ANCONA – Una “revisione” della normativa che disciplina l’edilizia residenziale pubblica per favorire la riqualificazione urbana e agevolare l’alienazione del patrimonio abitativo a vantaggio degli inquilini, prevedendo il pagamento rateale. Sono due obiettivi qualificanti della proposta di legge che la Giunta regionale ha inviato all’Assemblea legislativa per l’approvazione.

La necessità è quella di riordinare tutta la materia che riguarda le politiche abitative della Regione, prendendo però lo spunto per introdurre alcune novità. “Lo strumento individuato – afferma l’assessore all’Edilizia Pubblica, Antonio Canzian – passa attraverso una revisione delle leggi regionali di settore, partendo dalla 36/2005. Questo per assicurare una coerenza del quadro legislativo, riconducendo alla Regione la pianificazione di tutti fondi disponibili per la politiche abitative, compresi quelli derivanti dalla dismissioni del patrimonio dell’Erap (Ente regionale per l’abitazione pubblica) Marche, fermo restando la programmazione di tali risorse da parte delle Province”. La ridefinizione del quadro normativo, proposta dalla Giunta regionale, introduce la possibilità che la stessa Giunta possa intervenire, con programmi speciali, nella pianificazione triennale o per completare quelli dell’Erap, impiegando risorse aggiuntive che si rendessero disponibili.
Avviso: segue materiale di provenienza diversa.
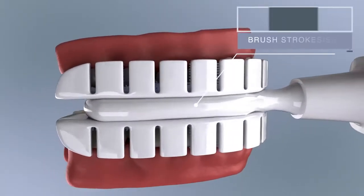The Encompass is a game changer for the elderly, for anyone with physical disabilities, and definitely for every parent who's trying to get their kids to brush their teeth.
“In questa maniera sarà possibile migliorare  la velocità della spesa e l’efficacia degli interventi, a tutto vantaggio della comunità regionale che reclama la disponibilità di alloggi a prezzo calmierato”, spiega l’assessore. Le novità non finiscono certo qui. “L’attuale crisi economica e finanziaria ha determinato un generale impoverimento delle famiglie e accresciuto le difficoltà del loro accesso al credito bancario – evidenzia Canzian – Tale situazione ha colpito, in modo particolare, gli utenti dell’Erap, che appartengono a categorie sociali deboli. Per assicurare la riuscita dei Piani di alienazione del patrimonio abitativo pubblico, abbiamo ritenuto utile introdurre, tra le modalità di pagamento del prezzo di cessione dell’alloggio, anche quello rateale, in alternativa e a condizioni più favorevoli rispetto al quelle del libero mercato”.
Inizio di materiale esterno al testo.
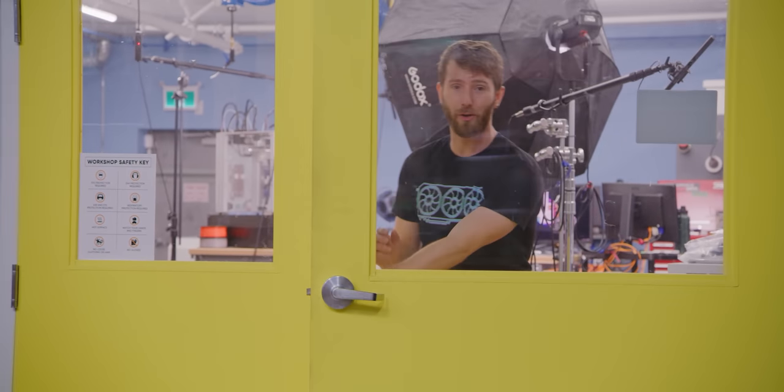Every time we shoot a video in our new workshop, we run up against the same problem. Every time I talk, you can hear an echo. It's not quite an echo — what it actually is, is reverb, and it's caused by a standing sound wave that is bouncing back and forth inside the room. It is something that you can address in post, but sometimes the solution is worse than the problem. Unless, of course, you go right to the source.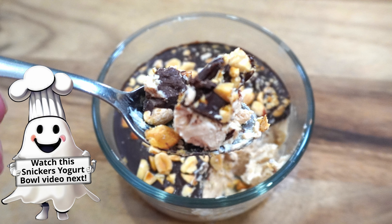Next, layer on some feta cheese, and then dress the entire salad with balsamic vinegar. You could even add red onions for an additional layer of flavor. The sweetness of the watermelon, the peppery arugula, the salty feta, and the tangy balsamic vinegar make this salad a perfect summer dish.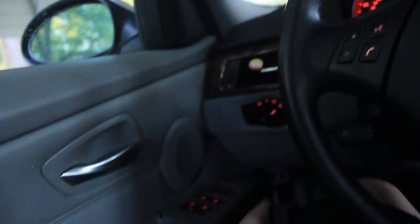Every single button in the car turns red — or orange, I'm colorblind so I'm not sure — but to me they look red and some people say orange. This sensor right here is for tilting — like if someone hits your car it starts beeping. That's pretty cool.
La proposta di legge, infine, suggerisce la necessità di non consumare ulteriore suolo agricolo per le nuove costruzioni (“Costruire sul costruito”); di fare riferimento al protocollo Itaca sul versante della bioedilizia; di privilegiare gli interventi di riqualificazione urbana ricompresi nei Poru (Programmi operativi predisposti dai Comuni).